▶ TASK BRIEF
Among the lines below, keep only those from the one containing "Berlin – Vorschaubild 3" through the one containing "Whoâ€™s wants to", and reproduce them exactly.

▶ SUPPLIED MATERIAL
______________________________
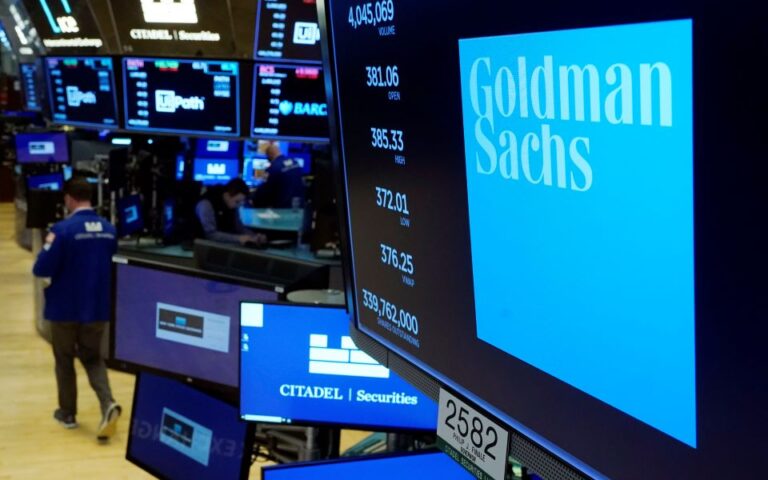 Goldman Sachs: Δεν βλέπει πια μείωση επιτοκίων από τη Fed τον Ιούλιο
______________________________
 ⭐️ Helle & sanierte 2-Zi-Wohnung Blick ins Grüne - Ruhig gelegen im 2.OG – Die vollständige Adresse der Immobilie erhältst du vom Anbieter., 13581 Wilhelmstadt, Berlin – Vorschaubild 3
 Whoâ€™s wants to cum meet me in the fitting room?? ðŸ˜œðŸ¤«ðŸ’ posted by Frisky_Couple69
______________________________
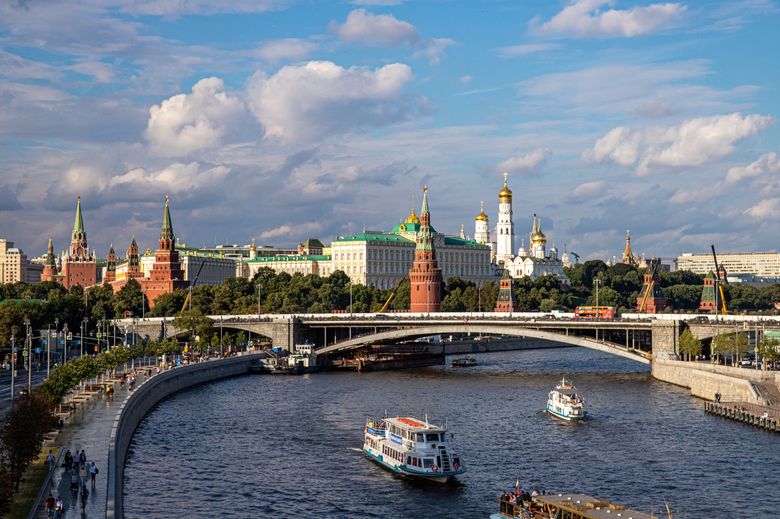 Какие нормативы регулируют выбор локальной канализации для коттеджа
______________________________
▶ EXERCISE ANSWER
 ⭐️ Helle & sanierte 2-Zi-Wohnung Blick ins Grüne - Ruhig gelegen im 2.OG – Die vollständige Adresse der Immobilie erhältst du vom Anbieter., 13581 Wilhelmstadt, Berlin – Vorschaubild 3
 Whoâ€™s wants to cum meet me in the fitting room?? ðŸ˜œðŸ¤«ðŸ’ posted by Frisky_Couple69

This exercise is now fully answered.